Content starts
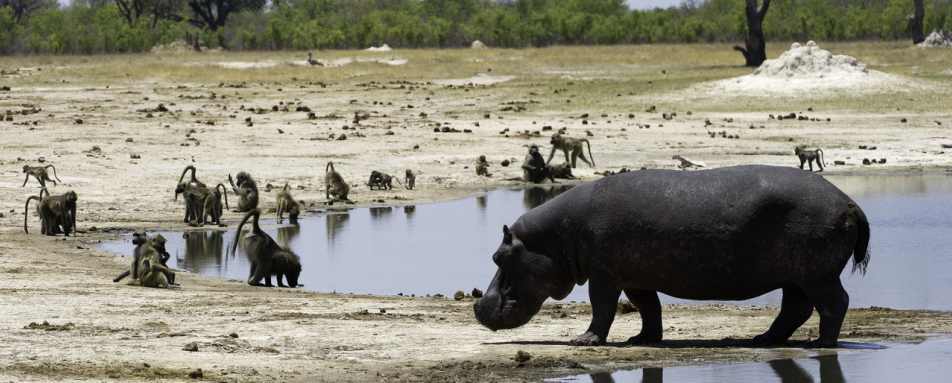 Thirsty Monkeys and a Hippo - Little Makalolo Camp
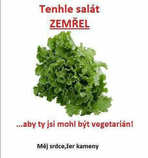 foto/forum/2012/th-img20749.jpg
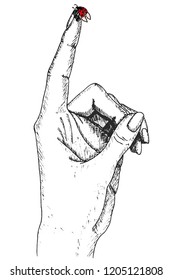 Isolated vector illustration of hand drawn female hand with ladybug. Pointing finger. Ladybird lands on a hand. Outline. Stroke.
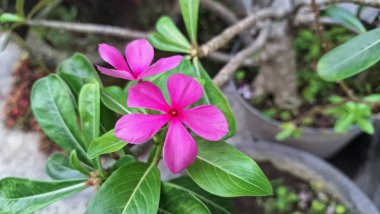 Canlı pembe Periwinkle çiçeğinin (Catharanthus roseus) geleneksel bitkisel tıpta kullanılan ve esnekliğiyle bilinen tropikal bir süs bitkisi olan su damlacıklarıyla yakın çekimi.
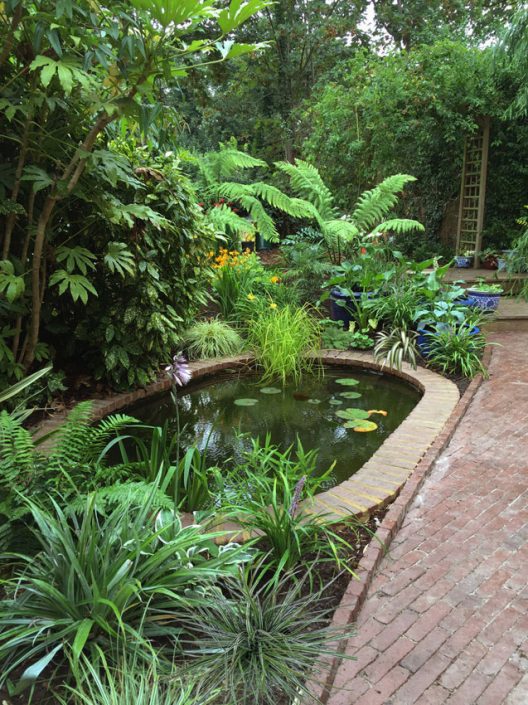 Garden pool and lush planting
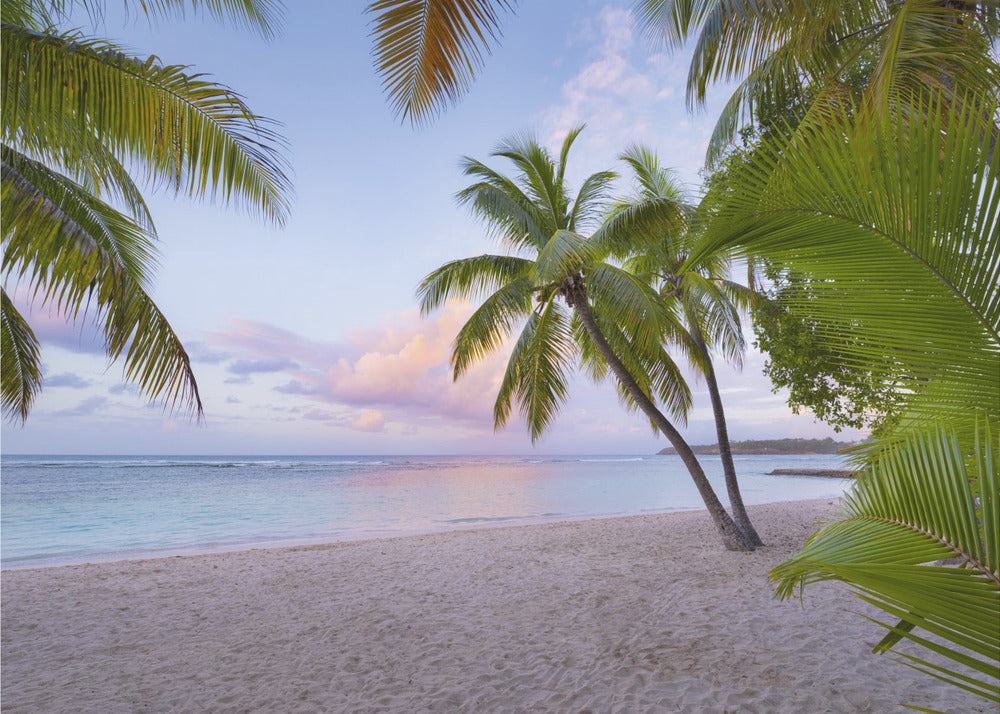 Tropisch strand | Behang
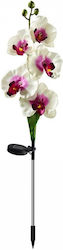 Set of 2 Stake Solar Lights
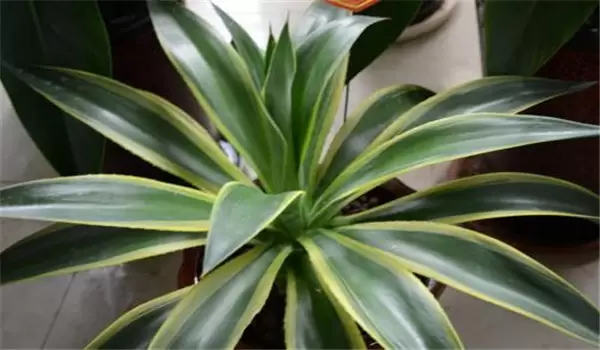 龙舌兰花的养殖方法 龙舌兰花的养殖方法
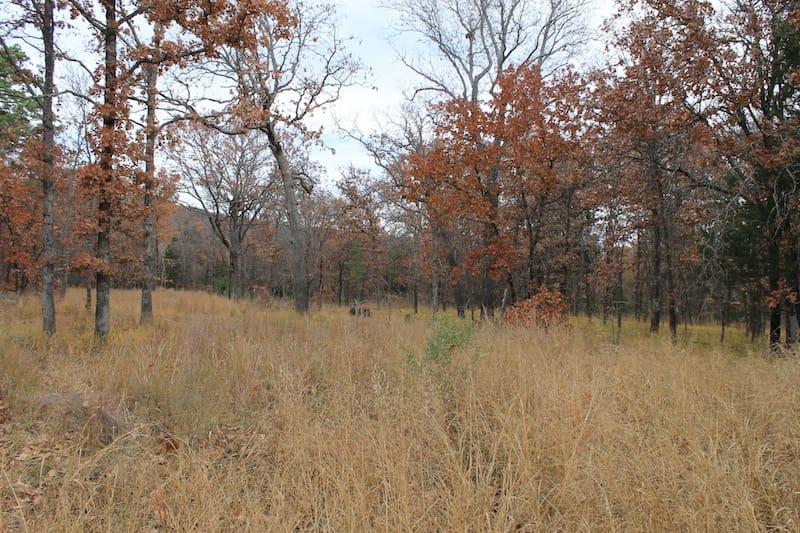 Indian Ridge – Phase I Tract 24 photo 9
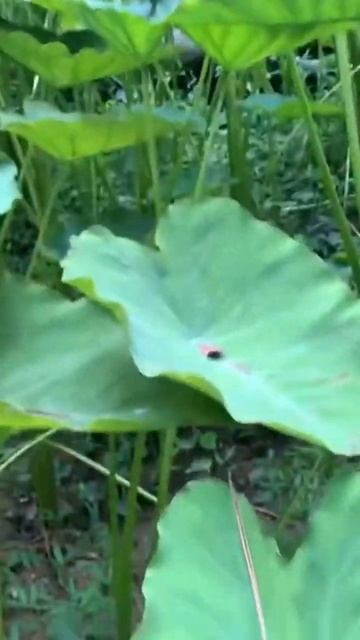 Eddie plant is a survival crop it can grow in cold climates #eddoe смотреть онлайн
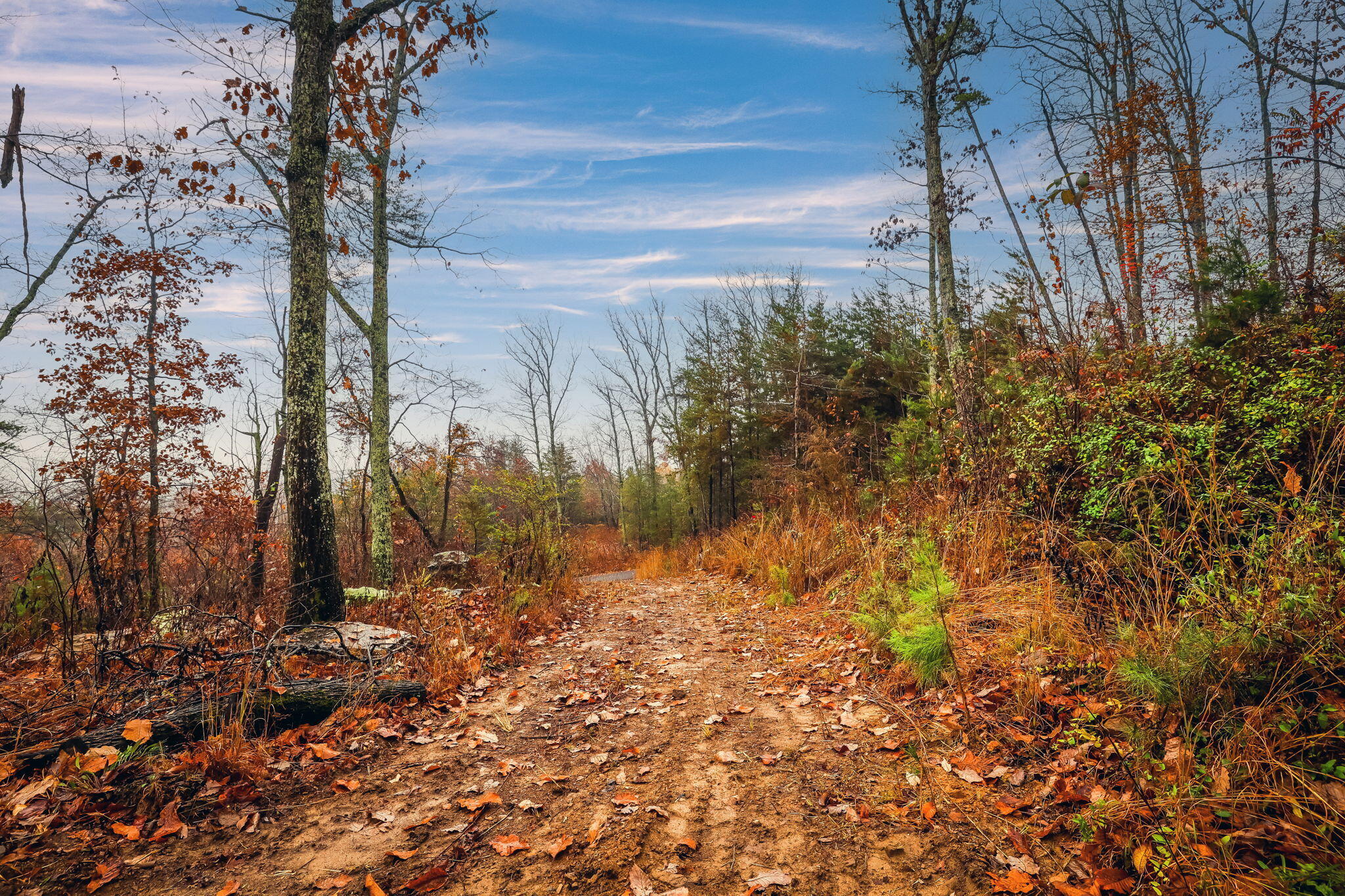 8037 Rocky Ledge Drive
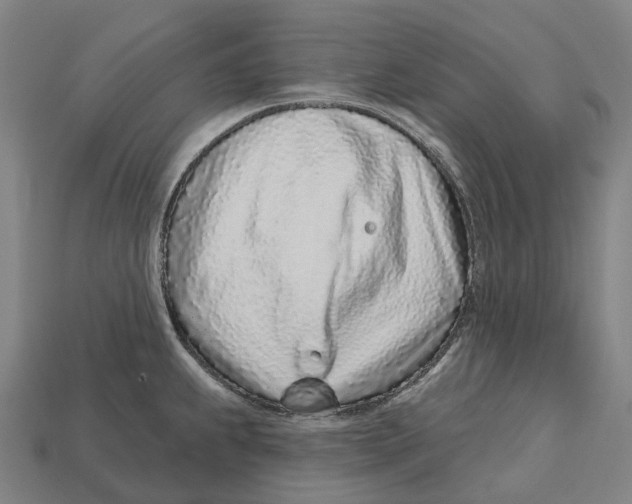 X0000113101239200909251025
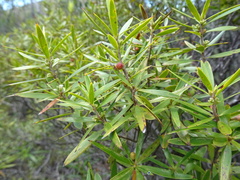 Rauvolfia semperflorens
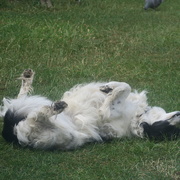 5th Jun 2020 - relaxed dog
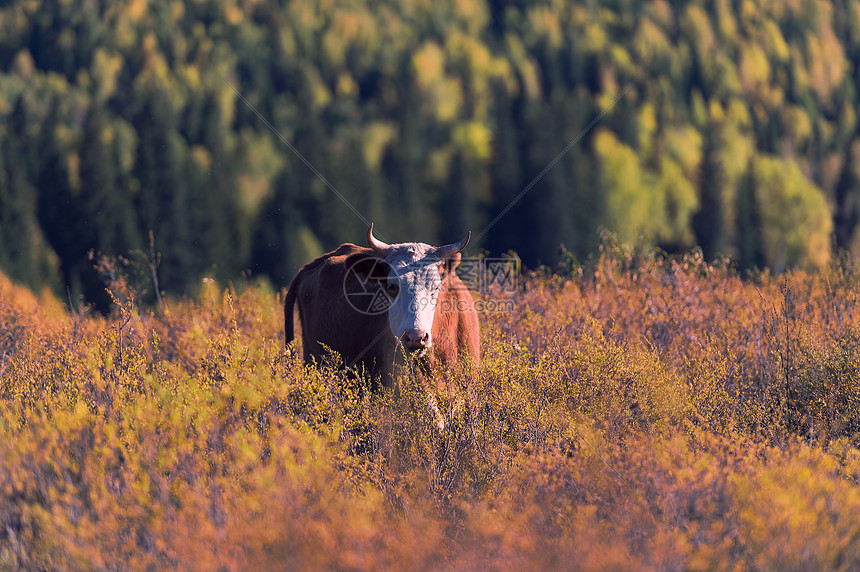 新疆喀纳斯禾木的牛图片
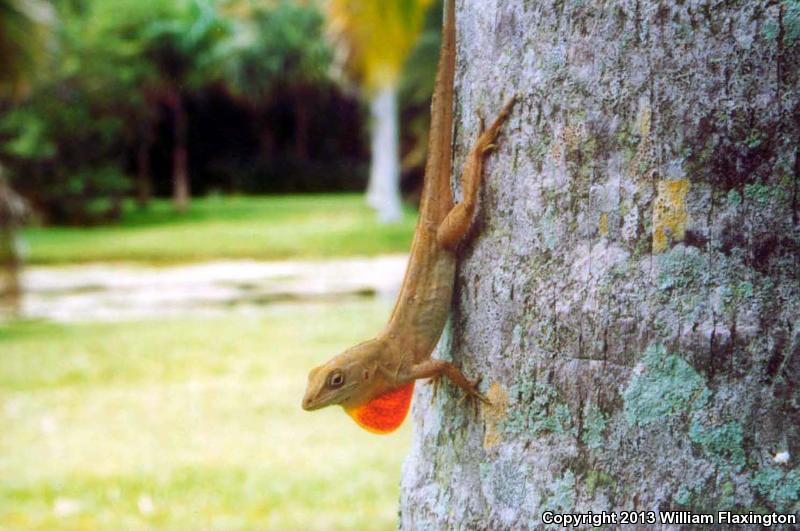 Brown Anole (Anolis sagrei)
Content ends
Each line from the one that contains "Rauvolfia semperflorens" to the end of the listing must be quoted exactly; no other line and no picture belongs in the copy.

→ Task answer:
 Rauvolfia semperflorens
 5th Jun 2020 - relaxed dog
 新疆喀纳斯禾木的牛图片
 Brown Anole (Anolis sagrei)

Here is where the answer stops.